Course notes on effictive data sceience workflows. Hosted at eds-notes.zakvarty.com.
Postgradute courses in statistics and data science tend to focus almost exclusively on modelling. This is in spite of modelling being only a single component in a data science project. This oversight can often leave students unprepared to deliver end-to-end project, whether that is for their dissertation or when entering the workplace.
This course aims to address this shortcoming by guiding students in how to:
-
Effictively manage data sciene workflows
- Scope a data science project
- Organise the files and automate workflows
- Write and pacakge code that is human-friendly and clearly documented
-
Acquire and share data
- Be familiar with a range of tabular and non-tabular data files
- Obtain their own data via webscraping and APIs
-
Explore and visualise complex datasets
- Wrangle messy and non-tabular data
- Explore and visualise complex data
- Construct compelling narratives supported by data
- Target communication to a variety of stakeholders
-
Prepare for production
- Write reproducible analyses
- Explain and interpret transparent models
- Use meta-models to explain black-box models
- Identify barriers to scalability through code profiling
-
Assess the ethical impacts of data science projects
- Explain simple techniques to protect data subject privacy
- Assess fairness of data science models with respect to a protected characteristic
- Work within professional guidelines and codes of conduct
-
Install Quarto
-
Fork and clone this repo
This will make a remote copy of this repo on your own GitHub account and a local version of that copy on your computer.

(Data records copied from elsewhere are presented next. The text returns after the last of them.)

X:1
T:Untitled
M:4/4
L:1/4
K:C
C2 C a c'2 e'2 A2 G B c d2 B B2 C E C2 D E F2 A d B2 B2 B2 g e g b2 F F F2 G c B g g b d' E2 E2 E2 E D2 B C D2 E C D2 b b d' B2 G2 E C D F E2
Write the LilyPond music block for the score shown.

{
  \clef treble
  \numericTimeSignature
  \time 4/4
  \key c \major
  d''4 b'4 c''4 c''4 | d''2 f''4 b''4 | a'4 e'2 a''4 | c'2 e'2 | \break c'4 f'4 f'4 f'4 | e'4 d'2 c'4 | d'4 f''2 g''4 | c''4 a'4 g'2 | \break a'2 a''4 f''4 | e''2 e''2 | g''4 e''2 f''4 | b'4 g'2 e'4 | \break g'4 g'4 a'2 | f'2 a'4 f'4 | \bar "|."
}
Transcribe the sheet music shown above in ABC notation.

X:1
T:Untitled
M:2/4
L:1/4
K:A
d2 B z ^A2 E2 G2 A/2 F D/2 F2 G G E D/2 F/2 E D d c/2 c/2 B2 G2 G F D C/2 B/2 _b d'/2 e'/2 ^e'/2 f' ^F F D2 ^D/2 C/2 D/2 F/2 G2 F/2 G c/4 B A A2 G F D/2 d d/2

- Preview the notes in your browser
This is the fastest way to view a part of the notes while editing. The notes will update in your browser every time a file is edited and saved.
quarto preview
NOTE: preview is fast but temporary. Make sure to render when you are done.
- Render the notes
You can render to both pdf and html formats (recommended).
quarto render
Only html of pdf (faster)
quarto render --to-html
quarto render --to-pdf
For small changes such as typos, the easiest way to contribute is to edit directly in github and open a pull request.
For larger changes, follow the getting started steps and before making edits create a new branch.
git branch your-informative-branch-name
git checkout your-informative-branch-name`
``
If you are still getting used to collaborative workflows with git, check out this helpful guide on [going from fork and clone to a pull request](https://happygitwithr.com/fork-and-clone) by Jenny Bryan.
## Development Ideas
- 1.2 is long - consider splitting into file names and file extensions.
- 1.3 is long - consider splitting or pulling out functional vs OOP sections.